El paro se situó el pasado trimestre en 33.900 personas, la cifra más baja desde que existen registros. El comportamiento fue mejor entre las mujeres que entre los varones, lo que permitió igualar las tasas de desocupación, y por territorios bajó en Alava y Guipúzcoa mientra que creció en Vizcaya.
La destrucción de empleo afectó a todos los sectores, proporcionalmente más en la construcción y en la industria. En el último año, pese a todo, la actividad industrial presenta aún 3.700 ocupados más, mientras que la construcción no parece haberse resentido demasiado de la crisis inmobiliaria, dado que sólo ha perdido 500 puestos de trabajo en cuatro trimestres.
Por territorios, Alava tuvo una vez más el mejor comportamiento al conservar todo el empleo que tenía. En esta provincia la tasa de paro ha caído a un envidiable 2,3% -3.400 desocupados-, frente al 2,6% de Guipúzcoa y el 4,3% de Vizcaya.
Temporalidad
La encuesta del Eustat muestra una de sus mejores facetas en la reducción de la temporalidad, precisamente una de las prioridades del Plan de Empleo vasco para el periodo 2007-2010 aprobado esta semana por el Gobierno de Vitoria.
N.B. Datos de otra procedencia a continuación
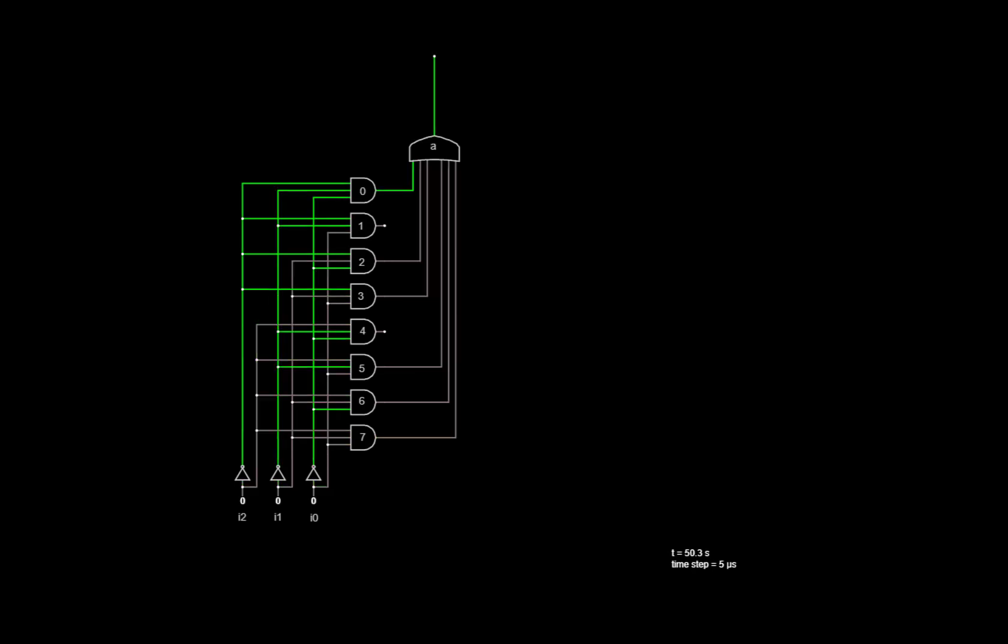Now we'll add the OR gates to complete the sum of products for each of the segment outputs. We'll start with the output for segment A. Recall that segment A was used for all of the digits except for 1 and 4, so the OR gate has the six inputs corresponding to the six minterms that are involved. So that OR gate is activated, for example, when the inputs are 0, 0, 0, since we want to display digit 0. But if we change the input to 0, 0, 1, the output for segment A is deactivated since it's not involved in displaying a 1.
La tasa de empleo indefinido de los asalariados se colocó en el trimestre pasado en el 76%, lo que arroja una temporalidad del 24%, incluidos los trabajadores sin contrato, que por primera vez el Eustat incluye en el mismo apartado que los temporales.
Estas cifras indican que esta modalidad de precariedad ha caído dos puntos en el último trimestre y cinco desde el mismo periodo de 2006, cuando apenas se había cumplido un año de la entrada en vigor de la última reforma laboral, que estableció incentivos y medidas para potenciar la contratación indefinida. En doce meses, los contratos indefinidos han crecido en 48.600 (hasta 596.500) y los temporales han caído en 20.300 (185.700 en el citado periodo, incluidas las personas sin contrato).
La última PRA presenta también como aspecto negativo la evolución de la situación de los hogares. En los tres meses de referencia, creció en 1.900 el número de familias con todos su miembros en paro, para situarse 10.500, mientras que bajó en 800 los que tienen todos sus integrantes ocupados, que alcanzaron la cifra de 516.900.
Tras conocerse los resultados de la encuesta, el sindicato UGT advierte de que se detectan todavía «lagunas en la estabilidad y calidad del empleo» en el País Vasco a pesar de los datos «positivos» que contiene. El balance del último año «podría ser más positivo si el Gobierno vasco se subiera al tren de la estabilidad, con un Plan de Empleo realista, fruto del diálogo social, para atajar la rotación en los puestos de trabajo», aseguró.